Some Girls Do is a sapphic YA romance by author Jennifer Dugan, published in 2021 by Putnam. Billed as “lesbian athlete meets bi beauty queen”, the novel is an opposites-attract romance between two high school seniors: Morgan, who was forced to transfer due to her queerness, and Ruby, who’s trying to live a double life to make her mother happy. The two girls meet when Morgan runs out in front of Ruby’s car — and while no one is hurt in the near-miss, neither girl’s life is ever the same again.

Told in alternating points of view, Dugan’s novel explores themes such as queer rights, homophobia, isolation, and learning to be yourself. Morgan is an out-and-proud lesbian; she wears sapphic t-shirts and dyes her pixie cut pink to be more visually queer. Though she’s comfortable with her own identity, befriending Ruby helps her understand that different people come from different backgrounds, some of which are less supportive than Morgan’s, in which coming out is downright unsafe. As Ruby opens up to her, Morgan learns that there’s no one right way to be queer.

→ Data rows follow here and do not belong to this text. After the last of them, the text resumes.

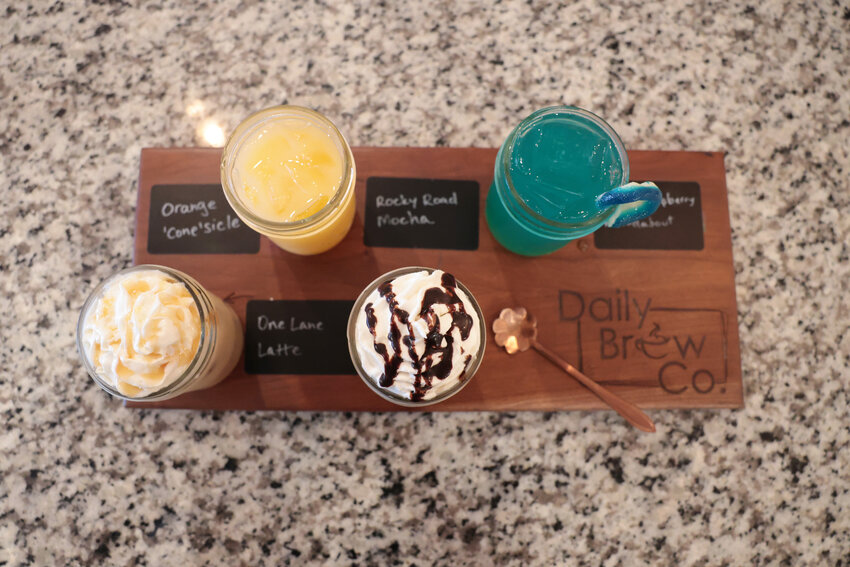 The drinks include fun names like Orange ‘Cone’sicle, One Lane Latte, Rocky Road Mocha, and Blue Raspberry Roundabout. Record photo by Logan Everson.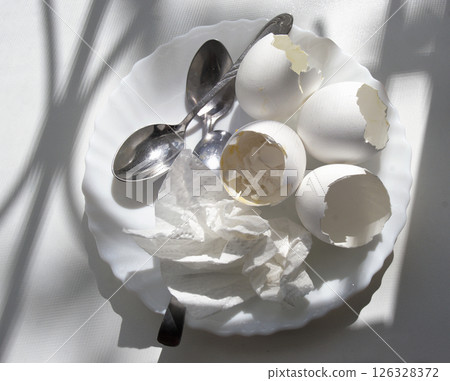 shells of boiled eggs with the remains of the yolk and the boiled egg white, used paper napkin, teaspoons, all on white plate, under the sun from window on a clean plastic windowsill with picturesque shells of boiled eggs with the remains of the yolk and the boiled egg white, used paper napkin, teaspoons, all on white plate, under the sun from window on a clean plastic windowsill with picturesque 126328372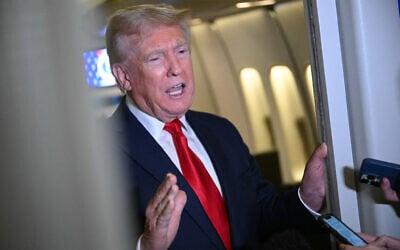 US President Donald Trump speaks to reporters aboard Air Force One, during the flight from Palm Beach to Joint Base Andrews, as he returns to the White House in Washington, DC, April 13, 2025. (Mandel NGAN / AFP)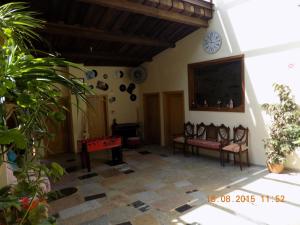 a living room with chairs and a tv on the wall at Casarao dos Reis in Caravela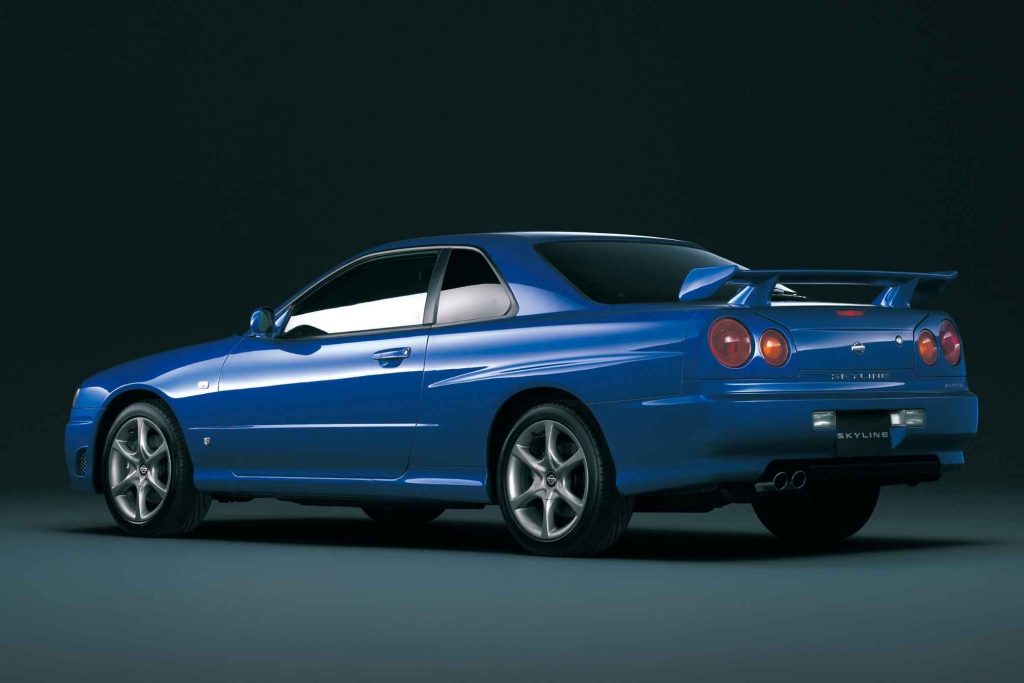 Bayside Blue Nissan Skyline R34 GT coupe photographed from the rear three-quarter angle in a studio, showing the iconic round taillights, rear spoiler, and dual exhaust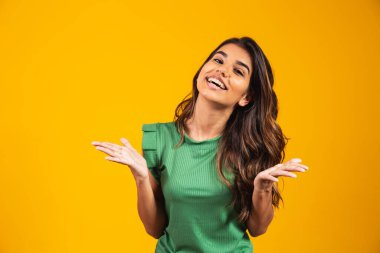 Sarı arka planda izole edilmiş heyecanlı genç bir kadın görüntüsü. Kamera görünümlü.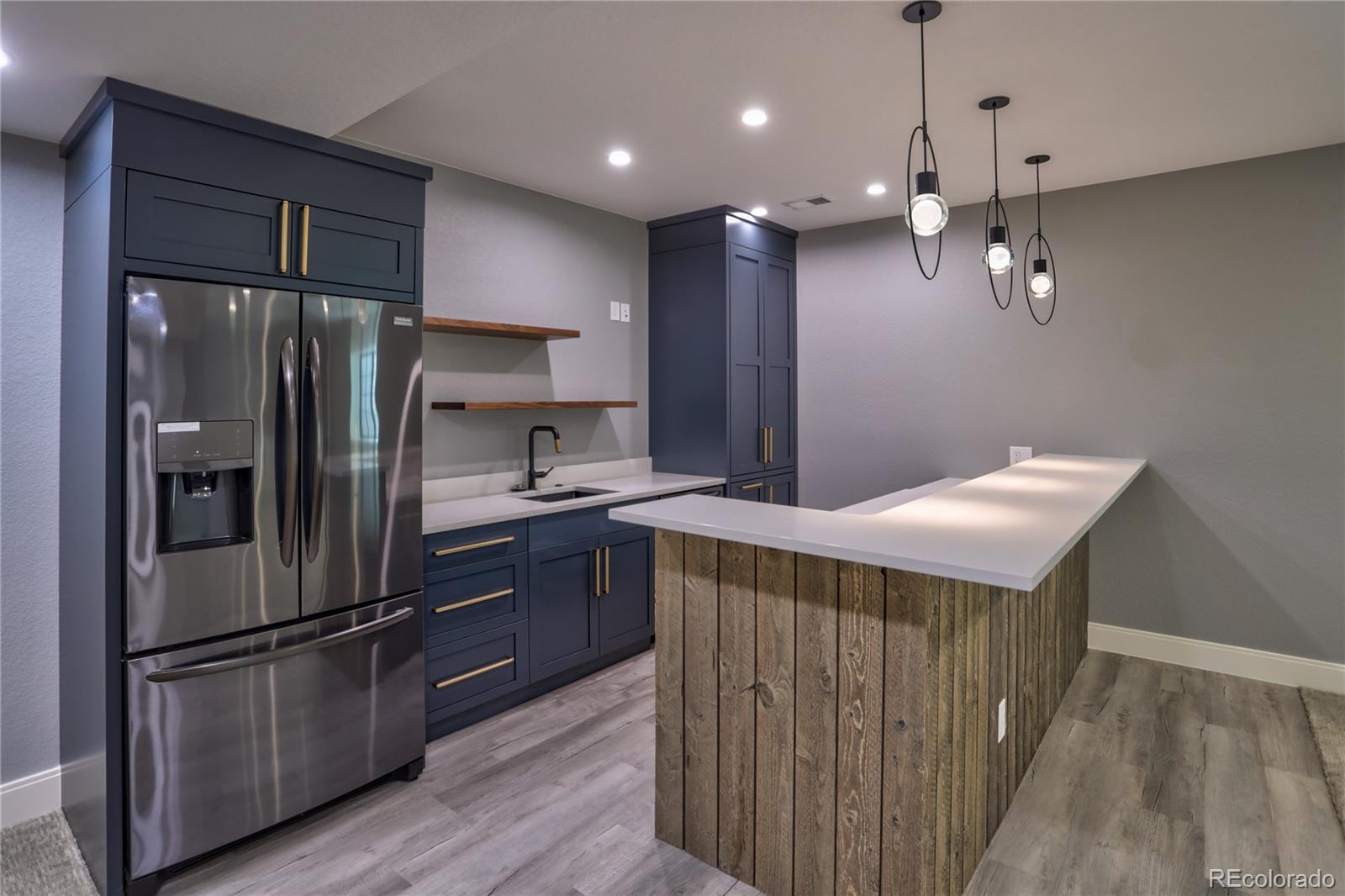 2732 South Jackson Street Denver, CO 80210 - Photo 36 of 40 a kitchen with kitchen island a counter top space wooden floor and stainless steel appliances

As for Ruby, she learns from Morgan that queerness doesn’t have to be hidden. Not everyone is as close-minded as Ruby’s mother, who has made it clear that same-sex attraction is unacceptable. As Ruby learns that resources and other ways of living exist, her world expands: no longer is she forced to live a double life, half for her mother, competing in beauty pageants, and half for herself, as a queer woman who loves her car. Meeting Morgan helps Ruby take control of her life and break out of the cage in which she thought she had to live.

As might be expected from two seniors coming from polar opposite backgrounds, Ruby and Morgan don’t always get along. Their attraction is magnetic, but they rarely find themselves in sync, and it takes time and practice for them to communicate in a healthy way. They often misstep thanks to partial information, bad communication, poor word choices, and bad timing—but Dugan’s novel offers hope, too: Morgan and Ruby keep showing up for each other. They apologize. They work through their issues—and often come out stronger on the other side because of it.

Though the book jacket casually labels Ruby as bisexual, Ruby herself is less sure about that label—and about all labels in general, from girlfriend to bi to pan. (“The label thing still freaks me out,” she tells Morgan towards the end of the novel, about labeling her own sexuality.) It might be more accurate to say instead that Ruby is exploring bisexuality as a possibility — she’s slept with men, including lacrosse captain Tyler, because she finds it to be great stress relief, and she’s undeniably interested in Morgan — but she’s only just began her journey into understanding her sexuality, after years of repression and hiding. She tells her ex-stepfather Billy, with whom she’s close: “I might be bi or something,” and it’s one of her most honest and vulnerable lines in the book.